Below are entries. Reproduce exactly the lines between the line holding "Батарейка Camelion G13/LR1154/LR44/357A/A76" and the line holding "Diesel Mens Black Just K1 T-Shirt #3", inclusive, and only those.

__WORKING DATA__
BEGIN
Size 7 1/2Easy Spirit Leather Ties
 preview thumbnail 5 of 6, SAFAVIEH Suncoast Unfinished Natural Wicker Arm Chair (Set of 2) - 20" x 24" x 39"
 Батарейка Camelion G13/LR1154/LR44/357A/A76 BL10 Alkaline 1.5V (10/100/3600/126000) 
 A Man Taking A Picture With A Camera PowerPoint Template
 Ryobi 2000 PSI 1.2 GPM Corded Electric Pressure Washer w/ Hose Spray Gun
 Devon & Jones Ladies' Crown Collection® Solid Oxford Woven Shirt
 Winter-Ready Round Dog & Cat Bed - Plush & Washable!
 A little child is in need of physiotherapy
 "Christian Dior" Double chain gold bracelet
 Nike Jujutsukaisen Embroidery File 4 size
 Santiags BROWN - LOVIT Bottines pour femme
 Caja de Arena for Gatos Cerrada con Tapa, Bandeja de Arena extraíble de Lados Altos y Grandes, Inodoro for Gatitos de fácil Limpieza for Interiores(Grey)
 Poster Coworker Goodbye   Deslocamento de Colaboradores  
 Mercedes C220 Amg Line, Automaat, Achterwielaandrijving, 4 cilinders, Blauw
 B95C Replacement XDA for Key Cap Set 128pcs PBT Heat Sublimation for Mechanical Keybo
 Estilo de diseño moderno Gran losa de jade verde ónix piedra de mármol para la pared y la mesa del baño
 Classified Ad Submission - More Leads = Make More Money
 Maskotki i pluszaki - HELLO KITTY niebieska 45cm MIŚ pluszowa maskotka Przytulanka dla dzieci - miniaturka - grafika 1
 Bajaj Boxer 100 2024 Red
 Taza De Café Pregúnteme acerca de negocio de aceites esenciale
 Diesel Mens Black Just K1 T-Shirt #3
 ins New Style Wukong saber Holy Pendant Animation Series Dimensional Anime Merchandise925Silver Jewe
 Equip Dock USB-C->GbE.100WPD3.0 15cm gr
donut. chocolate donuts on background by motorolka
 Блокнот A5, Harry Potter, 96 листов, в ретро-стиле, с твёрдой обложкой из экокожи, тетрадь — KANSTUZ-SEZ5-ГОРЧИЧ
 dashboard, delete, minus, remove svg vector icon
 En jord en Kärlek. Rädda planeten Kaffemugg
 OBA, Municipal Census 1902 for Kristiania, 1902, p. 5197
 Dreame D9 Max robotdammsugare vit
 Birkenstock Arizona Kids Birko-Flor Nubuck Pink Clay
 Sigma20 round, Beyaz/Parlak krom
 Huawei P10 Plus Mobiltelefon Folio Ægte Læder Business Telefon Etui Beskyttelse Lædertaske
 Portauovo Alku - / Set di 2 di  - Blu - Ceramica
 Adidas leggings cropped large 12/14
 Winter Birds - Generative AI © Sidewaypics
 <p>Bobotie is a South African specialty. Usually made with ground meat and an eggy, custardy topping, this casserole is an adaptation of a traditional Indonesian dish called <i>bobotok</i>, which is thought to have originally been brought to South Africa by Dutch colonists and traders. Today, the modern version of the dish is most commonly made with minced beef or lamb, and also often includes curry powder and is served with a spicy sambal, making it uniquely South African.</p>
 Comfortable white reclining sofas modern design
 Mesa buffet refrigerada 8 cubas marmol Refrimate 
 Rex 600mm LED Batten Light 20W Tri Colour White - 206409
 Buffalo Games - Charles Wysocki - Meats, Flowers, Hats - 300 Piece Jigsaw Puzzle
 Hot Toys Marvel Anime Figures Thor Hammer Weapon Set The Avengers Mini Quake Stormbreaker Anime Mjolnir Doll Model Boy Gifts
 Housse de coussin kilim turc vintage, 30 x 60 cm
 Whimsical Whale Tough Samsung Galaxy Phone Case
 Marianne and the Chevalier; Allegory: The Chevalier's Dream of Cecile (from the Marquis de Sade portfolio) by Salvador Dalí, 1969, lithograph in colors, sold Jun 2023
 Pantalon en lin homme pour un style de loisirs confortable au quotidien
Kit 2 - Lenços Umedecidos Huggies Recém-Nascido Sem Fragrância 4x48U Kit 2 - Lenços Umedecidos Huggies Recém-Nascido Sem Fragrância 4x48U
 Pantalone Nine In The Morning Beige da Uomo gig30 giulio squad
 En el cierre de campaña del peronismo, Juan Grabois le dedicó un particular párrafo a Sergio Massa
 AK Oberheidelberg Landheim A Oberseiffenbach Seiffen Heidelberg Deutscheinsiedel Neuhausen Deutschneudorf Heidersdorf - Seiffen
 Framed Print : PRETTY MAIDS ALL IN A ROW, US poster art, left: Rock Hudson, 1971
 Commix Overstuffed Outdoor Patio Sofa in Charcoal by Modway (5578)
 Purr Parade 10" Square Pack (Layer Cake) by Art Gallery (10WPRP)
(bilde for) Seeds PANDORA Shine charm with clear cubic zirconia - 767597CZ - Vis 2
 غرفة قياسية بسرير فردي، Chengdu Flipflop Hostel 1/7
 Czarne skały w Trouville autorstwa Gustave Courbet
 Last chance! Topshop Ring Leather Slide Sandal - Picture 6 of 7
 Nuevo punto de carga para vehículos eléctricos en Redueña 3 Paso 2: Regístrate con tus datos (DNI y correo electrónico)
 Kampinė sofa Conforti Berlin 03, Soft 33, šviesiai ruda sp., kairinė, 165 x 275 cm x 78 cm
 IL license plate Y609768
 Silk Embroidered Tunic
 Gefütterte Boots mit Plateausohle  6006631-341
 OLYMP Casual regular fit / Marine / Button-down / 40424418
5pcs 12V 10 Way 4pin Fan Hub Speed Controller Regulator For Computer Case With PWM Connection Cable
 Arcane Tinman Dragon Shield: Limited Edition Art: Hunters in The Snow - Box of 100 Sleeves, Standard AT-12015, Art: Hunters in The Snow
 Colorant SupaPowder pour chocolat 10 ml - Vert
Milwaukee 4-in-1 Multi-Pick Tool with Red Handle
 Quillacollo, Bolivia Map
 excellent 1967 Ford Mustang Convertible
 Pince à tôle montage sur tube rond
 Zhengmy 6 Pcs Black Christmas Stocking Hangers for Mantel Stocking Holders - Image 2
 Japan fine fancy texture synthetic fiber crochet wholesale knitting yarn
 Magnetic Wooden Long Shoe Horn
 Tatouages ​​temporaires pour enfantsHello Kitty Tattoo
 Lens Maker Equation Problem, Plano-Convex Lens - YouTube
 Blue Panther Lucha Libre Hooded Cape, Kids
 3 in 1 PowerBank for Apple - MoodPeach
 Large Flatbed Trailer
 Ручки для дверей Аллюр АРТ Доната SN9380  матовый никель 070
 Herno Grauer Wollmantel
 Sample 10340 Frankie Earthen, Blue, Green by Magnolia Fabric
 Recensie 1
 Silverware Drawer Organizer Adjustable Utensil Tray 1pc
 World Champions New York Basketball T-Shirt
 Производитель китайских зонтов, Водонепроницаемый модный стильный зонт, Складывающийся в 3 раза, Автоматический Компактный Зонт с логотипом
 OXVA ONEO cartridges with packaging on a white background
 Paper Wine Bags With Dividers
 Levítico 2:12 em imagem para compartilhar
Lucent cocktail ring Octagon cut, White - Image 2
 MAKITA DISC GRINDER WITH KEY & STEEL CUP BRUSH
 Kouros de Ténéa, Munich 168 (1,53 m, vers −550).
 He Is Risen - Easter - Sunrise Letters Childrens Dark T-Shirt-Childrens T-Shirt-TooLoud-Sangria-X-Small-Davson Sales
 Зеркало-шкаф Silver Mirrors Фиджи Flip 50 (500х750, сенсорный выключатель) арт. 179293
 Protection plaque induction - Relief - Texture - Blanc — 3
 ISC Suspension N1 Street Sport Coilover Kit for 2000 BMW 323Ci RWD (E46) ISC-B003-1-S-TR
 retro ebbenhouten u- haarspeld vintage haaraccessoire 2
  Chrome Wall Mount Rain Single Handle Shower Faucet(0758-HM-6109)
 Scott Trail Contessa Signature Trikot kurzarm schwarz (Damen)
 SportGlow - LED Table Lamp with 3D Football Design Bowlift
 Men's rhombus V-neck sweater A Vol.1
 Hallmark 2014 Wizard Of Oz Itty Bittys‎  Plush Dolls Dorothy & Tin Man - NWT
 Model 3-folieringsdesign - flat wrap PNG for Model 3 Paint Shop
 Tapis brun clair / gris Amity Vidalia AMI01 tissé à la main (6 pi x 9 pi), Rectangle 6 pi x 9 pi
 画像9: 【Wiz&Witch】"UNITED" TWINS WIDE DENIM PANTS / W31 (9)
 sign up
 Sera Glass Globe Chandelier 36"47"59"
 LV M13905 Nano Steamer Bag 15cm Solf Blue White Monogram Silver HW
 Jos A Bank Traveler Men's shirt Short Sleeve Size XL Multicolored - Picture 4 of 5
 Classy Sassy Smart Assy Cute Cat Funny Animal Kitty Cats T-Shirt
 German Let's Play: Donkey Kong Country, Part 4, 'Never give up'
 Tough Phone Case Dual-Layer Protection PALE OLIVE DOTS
END
__RESULT OF THE TASK__
 Батарейка Camelion G13/LR1154/LR44/357A/A76 BL10 Alkaline 1.5V (10/100/3600/126000) 
 A Man Taking A Picture With A Camera PowerPoint Template
 Ryobi 2000 PSI 1.2 GPM Corded Electric Pressure Washer w/ Hose Spray Gun
 Devon & Jones Ladies' Crown Collection® Solid Oxford Woven Shirt
 Winter-Ready Round Dog & Cat Bed - Plush & Washable!
 A little child is in need of physiotherapy
 "Christian Dior" Double chain gold bracelet
 Nike Jujutsukaisen Embroidery File 4 size
 Santiags BROWN - LOVIT Bottines pour femme
 Caja de Arena for Gatos Cerrada con Tapa, Bandeja de Arena extraíble de Lados Altos y Grandes, Inodoro for Gatitos de fácil Limpieza for Interiores(Grey)
 Poster Coworker Goodbye   Deslocamento de Colaboradores  
 Mercedes C220 Amg Line, Automaat, Achterwielaandrijving, 4 cilinders, Blauw
 B95C Replacement XDA for Key Cap Set 128pcs PBT Heat Sublimation for Mechanical Keybo
 Estilo de diseño moderno Gran losa de jade verde ónix piedra de mármol para la pared y la mesa del baño
 Classified Ad Submission - More Leads = Make More Money
 Maskotki i pluszaki - HELLO KITTY niebieska 45cm MIŚ pluszowa maskotka Przytulanka dla dzieci - miniaturka - grafika 1
 Bajaj Boxer 100 2024 Red
 Taza De Café Pregúnteme acerca de negocio de aceites esenciale
 Diesel Mens Black Just K1 T-Shirt #3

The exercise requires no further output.